Dans un article paru chez WebReference.com (et partiellement traduit par Blogzinet), Chris Hofmann (directeur de l'ingénierie chez Mozilla Foundation), fait le point sur les différents types de contributeurs au projet Mozilla :

The Mozilla Open Source Project has over 80 full-time contributors that work at the Mozilla Foundation, IBM, Sun, Redhat, Novell, Google, and many other companies. We have academic researchers and interns putting in full-time effort helping to improve the code. There really is a collaborative effort among all these participants to make great software. It's a scientific approach to developing code that involves lots of peer review and open discussion about every change. This helps not only in the area of security, but the quality of all feature and bug fixing work.

There is a long trailing edge of part-time contributors. 884 Contributors provided over 17,000 patches for features and bug fixes during 2004. The part-time contributors help to grind off the rough edges and improve quality. These are things that a commercial software company would not find it economical to do.

Firefox 1.0 is now shipping in 35 languages. The translation of Firefox into all these languages is entirely a volunteer effort. In some cases the translators in these countries become national heroes that bring the web to their people. Mozilla Technology has been translated for use in over 100 languages. The scope of this effort is far beyond anything that could be provided by a single commercial vendor.

There are about 10,000 testers of our 'nightly development releases' that help continually assess quality and keep the development effort on track as incremental changes are made to the browser.

There is a passionate community of browser users and promoters at http://www.spreadfirefox.com/ that helps spread the word about Firefox and amazingly raised $250,000 for the Firefox 1.0 marketing effort which included a two page ad in the New York Times.
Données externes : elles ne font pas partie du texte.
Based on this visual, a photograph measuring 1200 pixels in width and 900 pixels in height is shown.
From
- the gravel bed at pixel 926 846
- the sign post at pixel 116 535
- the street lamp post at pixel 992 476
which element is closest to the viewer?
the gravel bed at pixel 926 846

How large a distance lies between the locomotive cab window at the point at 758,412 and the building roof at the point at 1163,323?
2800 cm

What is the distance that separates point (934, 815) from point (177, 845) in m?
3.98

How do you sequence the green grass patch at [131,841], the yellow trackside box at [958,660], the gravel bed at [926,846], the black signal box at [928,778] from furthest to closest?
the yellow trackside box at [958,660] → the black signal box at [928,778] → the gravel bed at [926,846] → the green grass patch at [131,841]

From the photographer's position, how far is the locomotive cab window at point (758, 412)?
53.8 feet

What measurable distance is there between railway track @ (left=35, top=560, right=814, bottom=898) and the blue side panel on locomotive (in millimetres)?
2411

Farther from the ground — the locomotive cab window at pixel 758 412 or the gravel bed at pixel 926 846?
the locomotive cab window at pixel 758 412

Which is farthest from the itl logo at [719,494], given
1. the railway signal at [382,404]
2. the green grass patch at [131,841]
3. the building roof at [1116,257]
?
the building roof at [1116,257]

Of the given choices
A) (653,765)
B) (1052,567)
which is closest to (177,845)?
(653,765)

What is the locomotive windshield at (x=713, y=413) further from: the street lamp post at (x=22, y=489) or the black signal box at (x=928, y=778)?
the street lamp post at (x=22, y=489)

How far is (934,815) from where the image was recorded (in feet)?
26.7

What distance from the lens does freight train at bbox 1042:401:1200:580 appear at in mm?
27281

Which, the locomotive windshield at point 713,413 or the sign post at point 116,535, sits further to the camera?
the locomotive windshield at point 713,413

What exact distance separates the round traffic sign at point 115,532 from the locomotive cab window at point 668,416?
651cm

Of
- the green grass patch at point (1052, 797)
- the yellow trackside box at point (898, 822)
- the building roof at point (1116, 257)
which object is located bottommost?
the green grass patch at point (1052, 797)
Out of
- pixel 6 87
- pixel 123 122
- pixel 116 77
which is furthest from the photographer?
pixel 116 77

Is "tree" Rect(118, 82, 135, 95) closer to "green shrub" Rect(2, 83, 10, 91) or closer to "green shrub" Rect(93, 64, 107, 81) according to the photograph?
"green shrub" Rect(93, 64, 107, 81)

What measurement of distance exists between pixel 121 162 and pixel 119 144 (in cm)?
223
There is a large community of system administrators and mirror sites that provide the hosting and bandwidth needed to distribute over 66 million downloads.

There is a very active community of extension developers that are providing hundreds of small innovative ideas for the next generation of browser features, and are building on top of the Mozilla and Firefox platform.

That is just the start of a long list that describes a very active and passionate community that helps to develop, test, extend, and promote Firefox.

Cela est à rapprocher des statistiques sur l'utilisation de Bugzilla rapportées récemment par Asa Dotzler.